Material shown below:

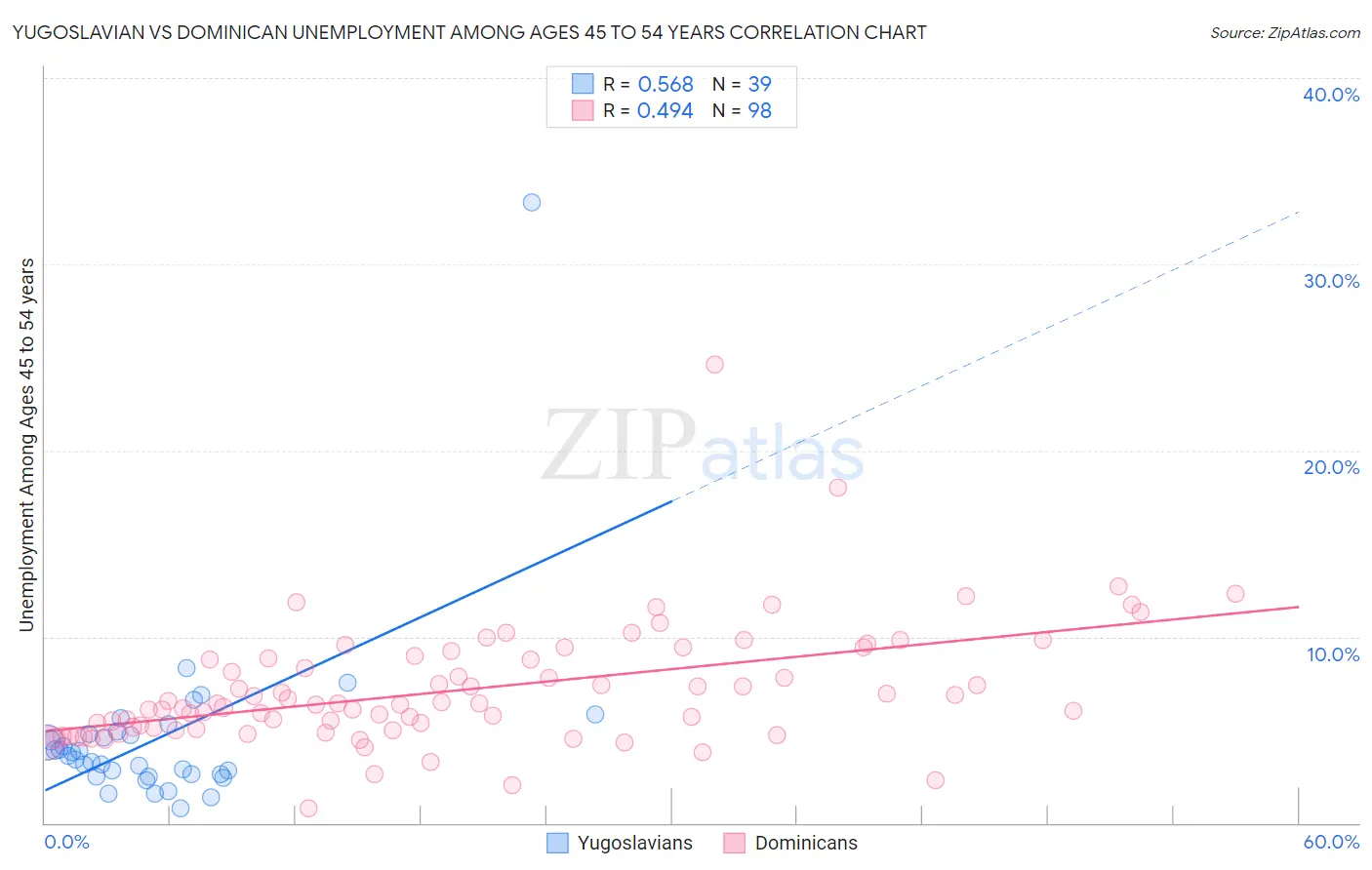 Yugoslavian vs Dominican Unemployment Among Ages 45 to 54 years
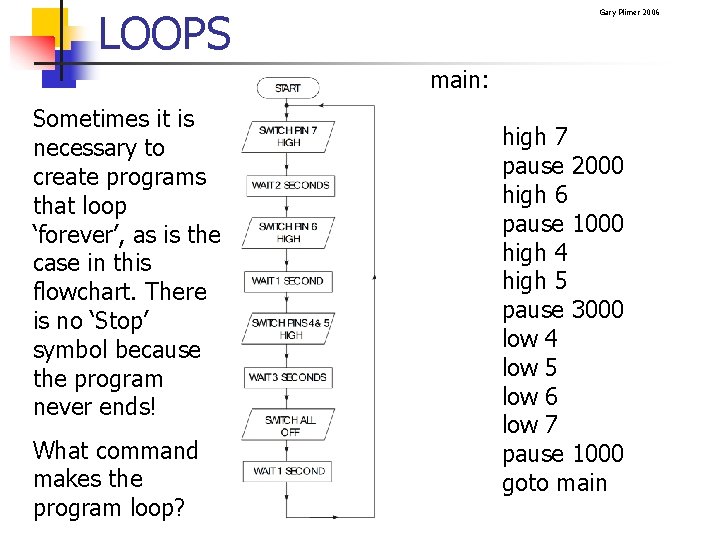 LOOPS Gary Plimer 2006 main: Sometimes it is necessary to create programs that loop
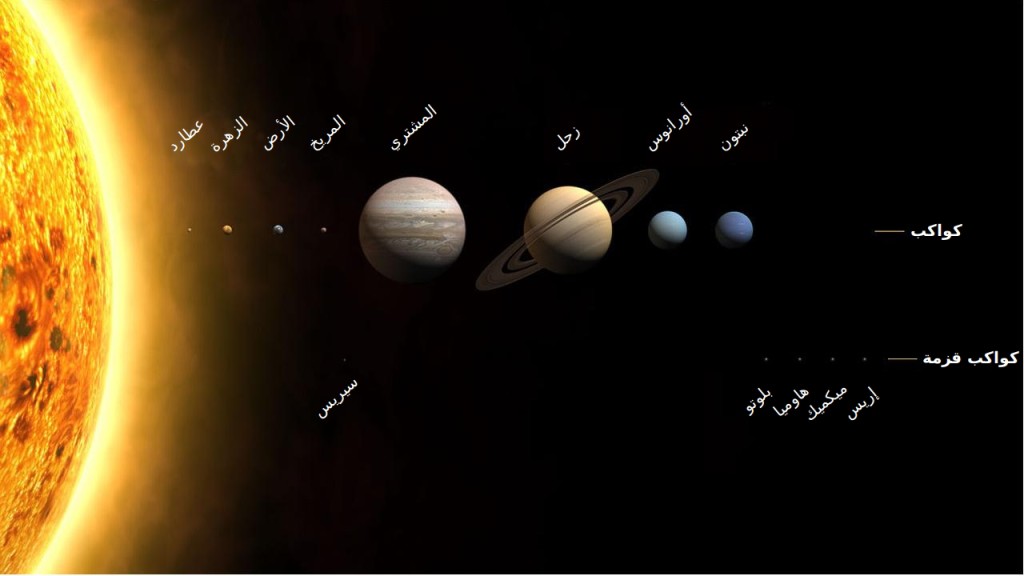 Planets2008-ar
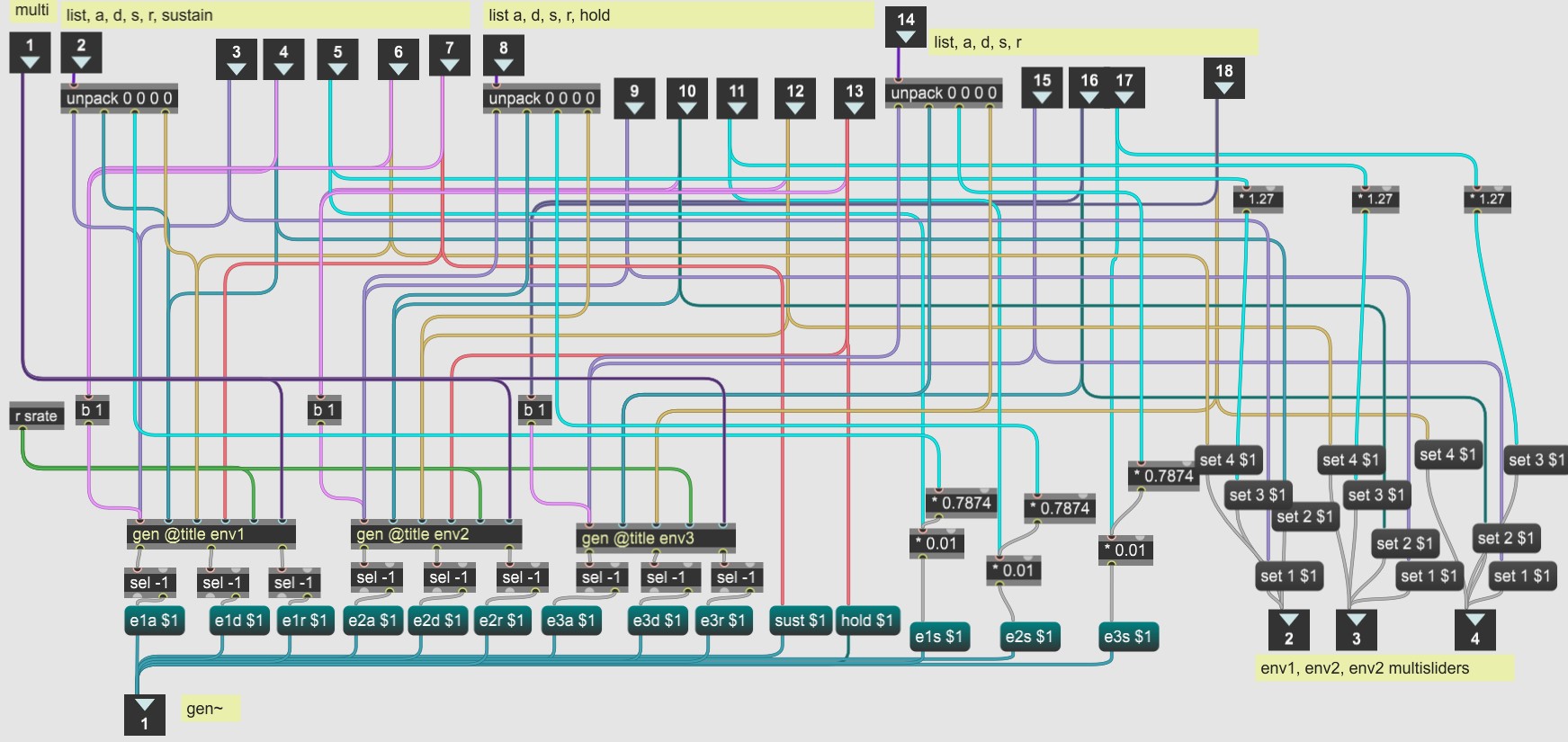 Husserl tutorial series(11). Applying gen to MIDI and real-world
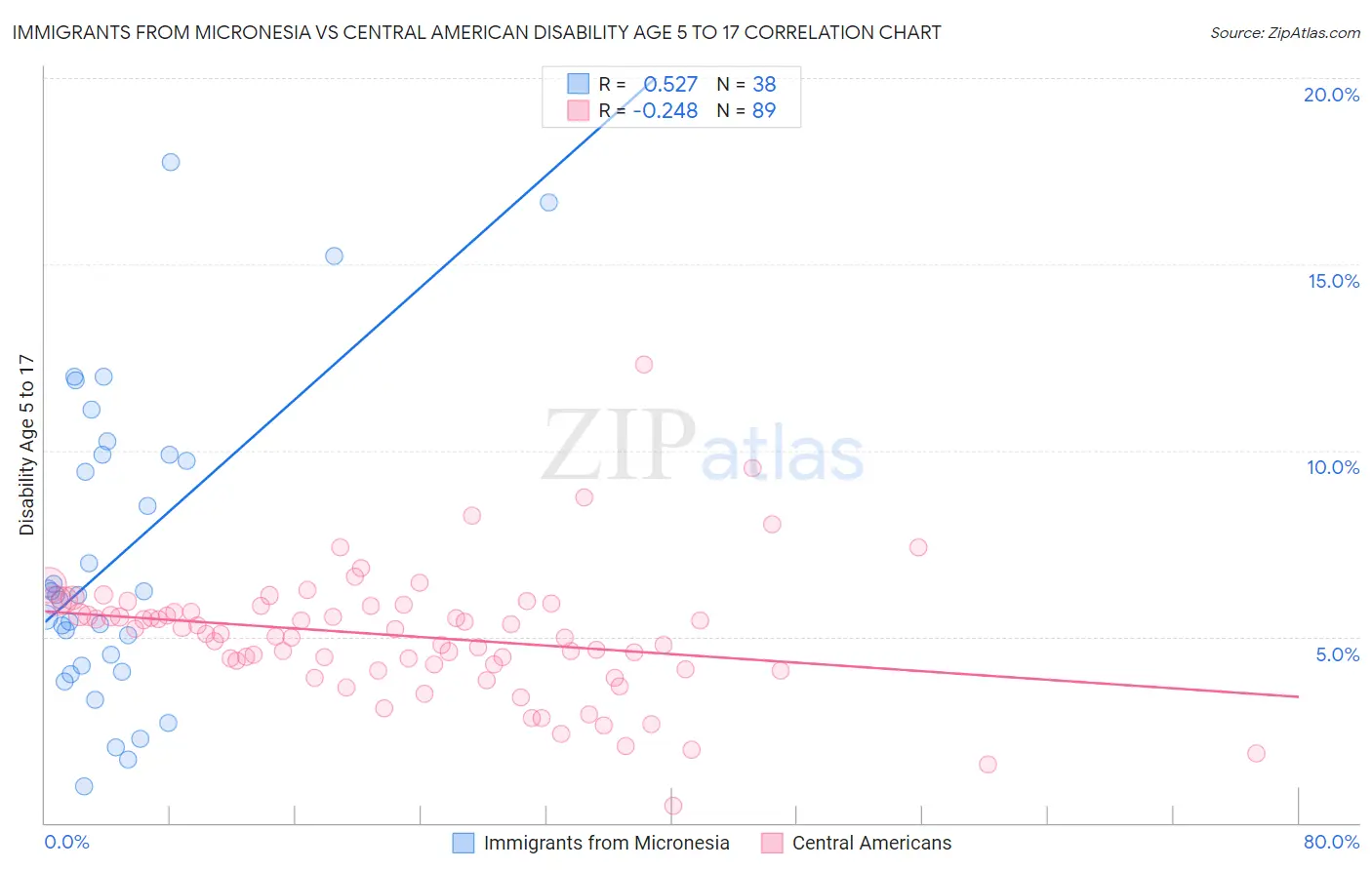 Immigrants from Micronesia vs Central American Disability Age 5 to 17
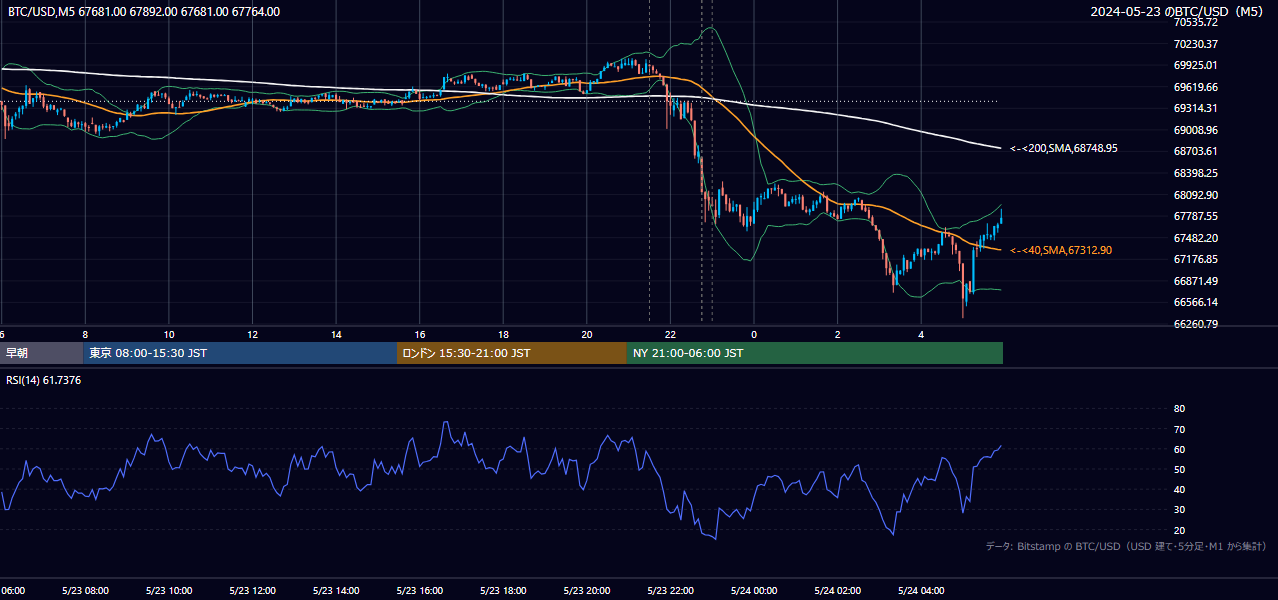 2024年5月23日（木） BTC/USD 5分足チャート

End of Material shown.

→ Task details: An exact restatement of the lines from the one holding "Husserl tutorial series(11)." through the end of the entries, both ends included, is the whole answer. Pictures stay out.

→ Answer box:
 Husserl tutorial series(11). Applying gen to MIDI and real-world
 Immigrants from Micronesia vs Central American Disability Age 5 to 17
 2024年5月23日（木） BTC/USD 5分足チャート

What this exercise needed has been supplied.